You can set any Collection as the target by right clicking (or Cmd and click on a Mac) and choosing Set as Target Collection. Once a collection is designated as the target, an image will be added to it as soon as you press B on the keyboard.
Collection Sets
To give you another level of organization, Collection Sets exist to allow for grouping of collections. To create a new Collection Set, just press the same + button and choose Create Collection Set. Give it a name and you’ll have a new Collection Set, a tool to organize your collections.
After the new Collection Set appears in the Collections panel, you can drag and drop collections into the set to group any number of collections together.
Automating Collections with Smart Collections
Smart Collections are an incredibly powerful tool to build collections based on any rules that we set for them. Basically, we can give Lightroom a list of criteria, like “four stars and red color labels,” and they’ll automatically be added to a collection. These smart collections are like a saved search: they dynamically update in real time, so they’ll add images that meet criteria instantly.
Lightroom has several Smart Collections built into it that you’ll see as you expand the label. Press the arrow to the left to see these.
Immediately, you’ll see the power of Smart Collections as you can easily browse to collections of Five Stars photos, your photos from the Past Month, and many others. When you click these collections Lightroom will refine the selected images to these criteria.
We can create our own Smart Collection rules by again pressing the + button at the upper right part of the panel and choosing Create Smart Collection.
This screen has a ton of options to build our own Smart Collection rules. The first thing we’ll want to do is examine the dropdown next to the word Match. Our options here are Any, All, and None. Below this, we’ll add our search rules
- Use an Any to include photos that match any of the included criteria
- Use All to include photos that meet every criteria that we add: if we have “Red” color label and “Four Stars”, the photo will have to have both of these, for example
- Use None to include photos that do not match the criteria. I like to think of this as an “inverse” collection. For example, we could choose “None” and then “Has Smart Preview” to show all images that need to have their Smart Previews rendered.
This simple selection between Any, All, and None has a major impact on how our Smart Collections function. Start by envisioning the goal of the collection and then tailoring your selection appropriately.

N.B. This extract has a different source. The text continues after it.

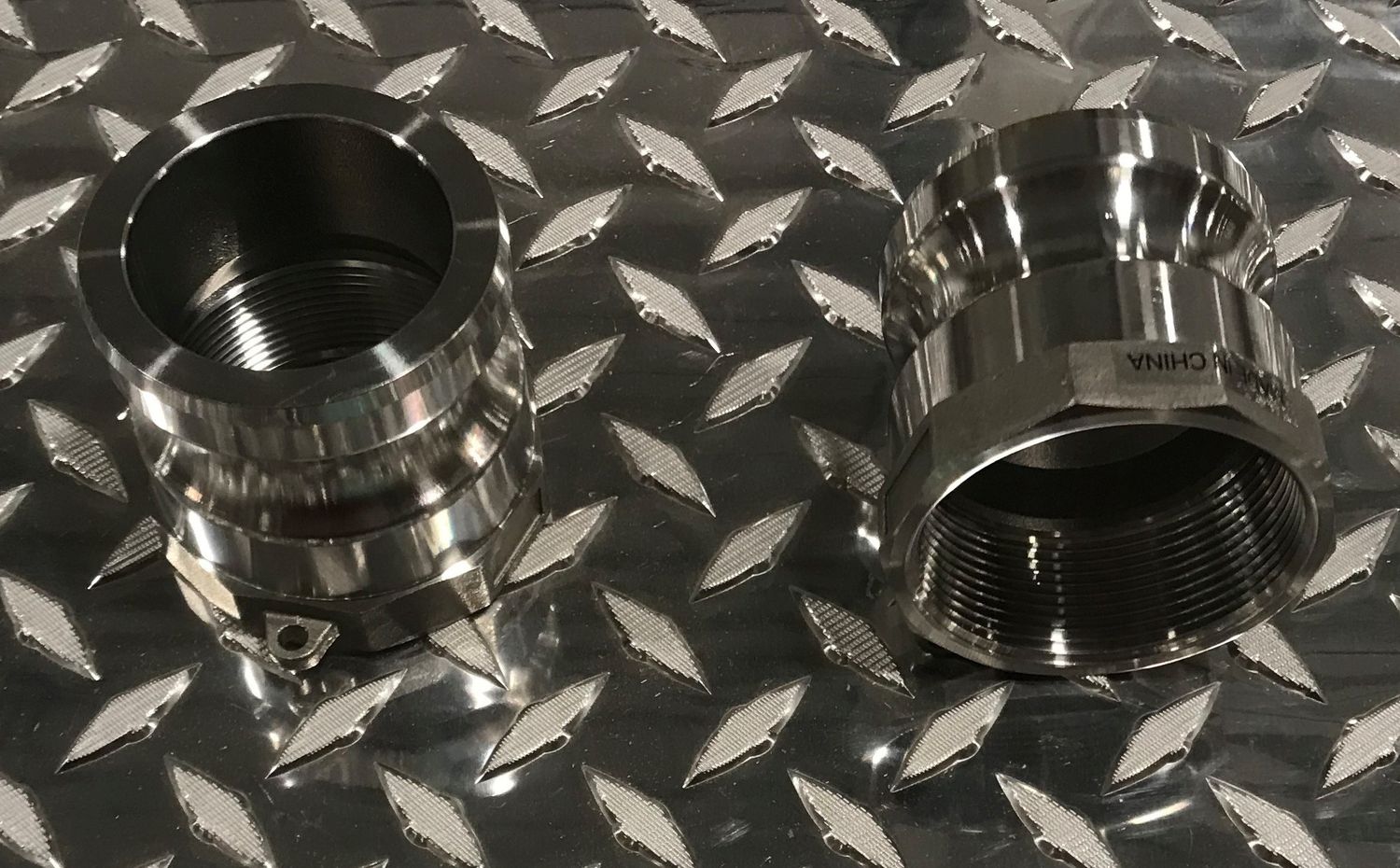 LOCK, CAM, TYPE A GROOVE, STAINLESS STEEL, FOR FUEL FILL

These Smart Collections are powerful ways to build sets of images that update dynamically and follow the rules you set. Your workflow may require these highly customized groupings of images that can only be addressed with Smart Collections.
Recap
The power of collections is to group your images in a meaningful way, organizing them in the virtual folders system that Collections allow for. There is no limit to the number of collections an image can exist in, and we can even group collections with Collection Sets.
Finally, remember that Smart Collections are really brilliant “saved searches” that group images based on rules you add for them.